Text editor integration
editor: Any program with access to terminal; any terminal-accessible editor
purpose: provide fast, accurate citation workflow
Integration with text editor is achieved through external command hooks and CLI tools, allowing users to search, insert, and navigate citations directly within the terminal, or via the editor.
Custom command-line tools enable querying of metadata, while editor integrates via external command hooks and keybindings for @citekey lookup and insertion. This makes the database directly usable during writing and eliminates context switching between tools.
Currently, citation tools are often tied to word processing applications like Word, through slow, mouse-heavy GUI workflows like Zotero, Mendeley, and Endnote, where the user must 'click' through options and fill in boxes. They are not designed to integrate well with command line use, and in many cases, they are proprietary, paid applications, whch forces users into a specific workflow, and makes interoperability difficult on purpose.
Citekey
The UUID is the canonical identifier used across the entire system and may be cited directly when desired (e.g.

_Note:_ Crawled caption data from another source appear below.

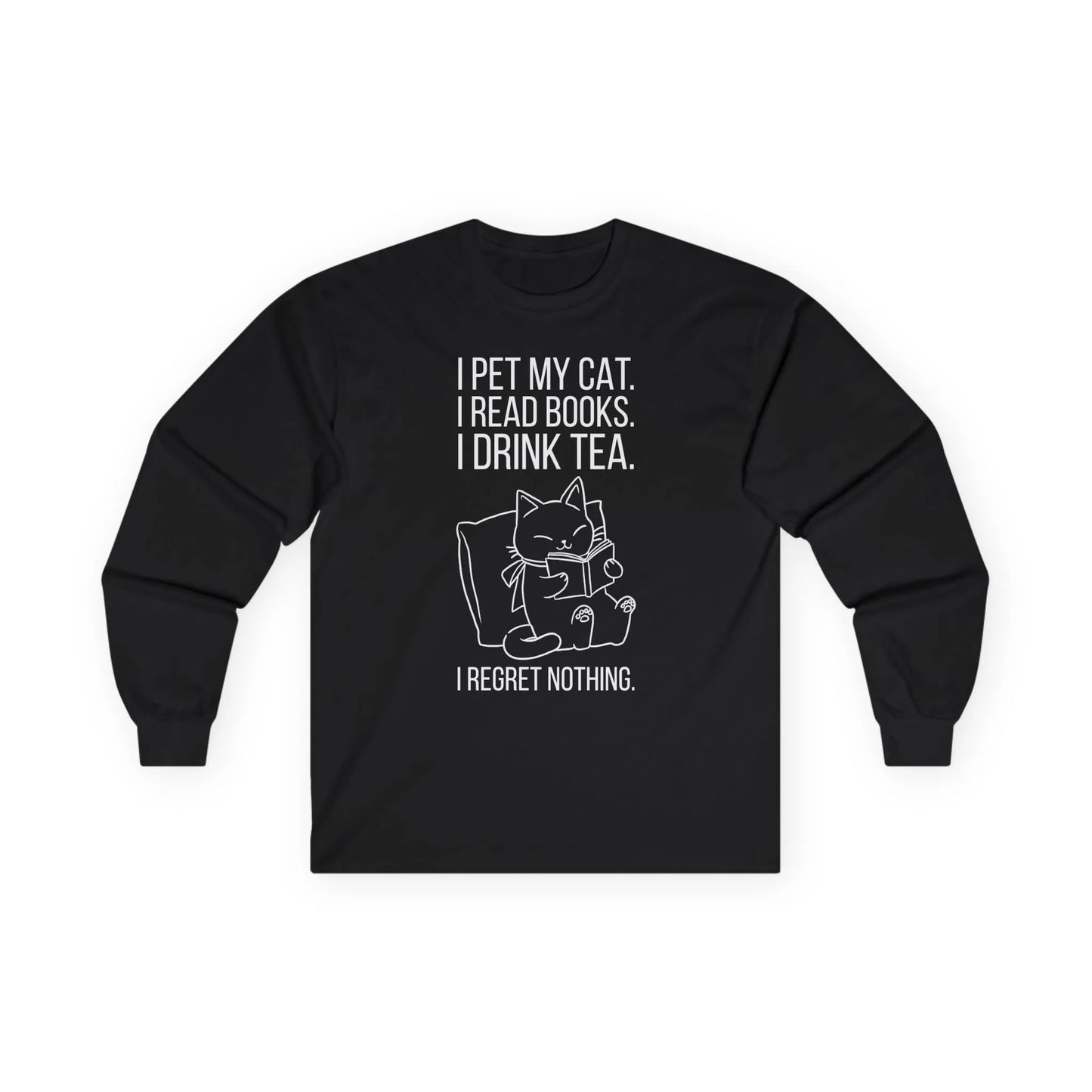 Purrfect Tea & Tales Long Sleeve featuring a whimsical cat illustration and text about petting cats, reading books, and drinking tea.
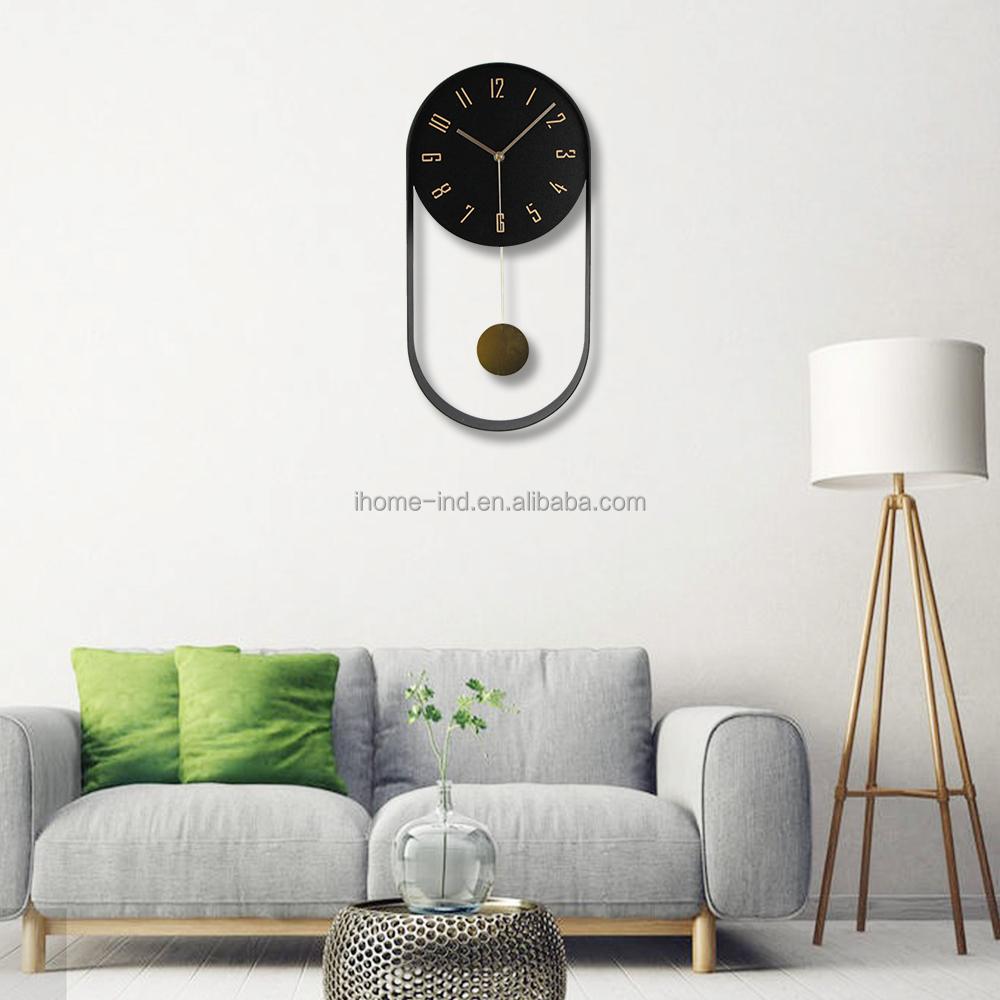 Metal Oval Wall Clock Unique Design Pendulum Decorative Clock Home Living Room Decor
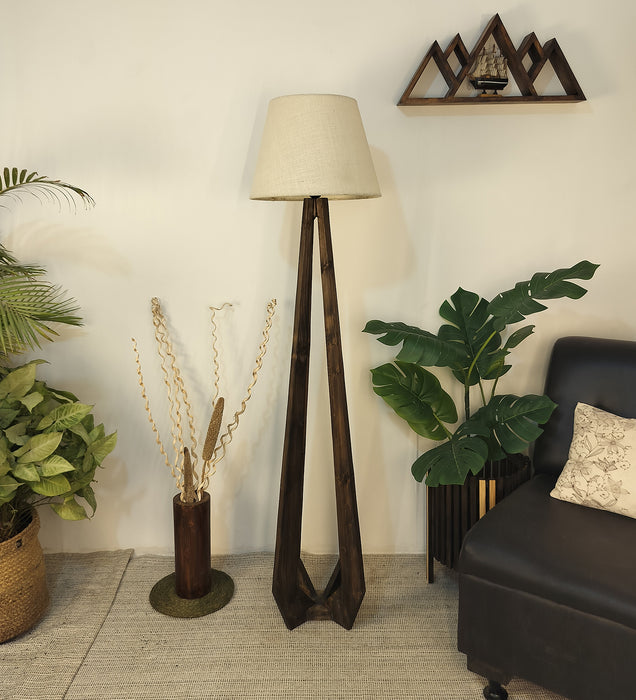 Zoe Wooden Floor Lamp with Brown Base and Jute Fabric Lampshade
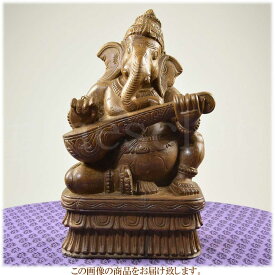シタールを弾くガネーシャ 高さ約45cm 重さ約4.8kgインドの象の神様 置物 木像 WGO-043
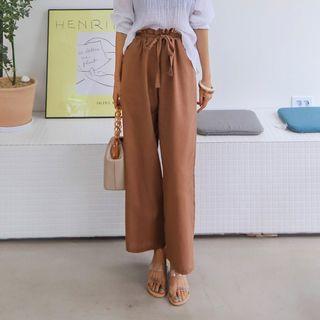 Band-waist Flat-front Pants With Sash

JPXJZUA5JLHBOZCA). Citekeys are optional, human-readable aliases created locally on a per-document basis (e.g. @zhang_2014_environmental_politics). They are only introduced when needed by the author for convenience during writing; authors can search for documents in their local metadata, automatically generate a citekey, and insert it into a document, all through the terminal. Citekeys follow a structured pattern (e.g., author_year_keyword) and are generated with awareness of the existing bibliography. When a potential naming conflict is detected, the keyword is adjusted (next keyword in list) to ensure uniqueness within the local collection. Note that citekeys are designed to be local to a manuscript only; they are a convenience for the aurhor; the UUID remains the canonical identifier. This approach preserves global uniqueness and stability via UUIDs, while allowing flexible, readable references. This is especially beneficial where authors write in a plain-text format such as markdown, Typst, etc.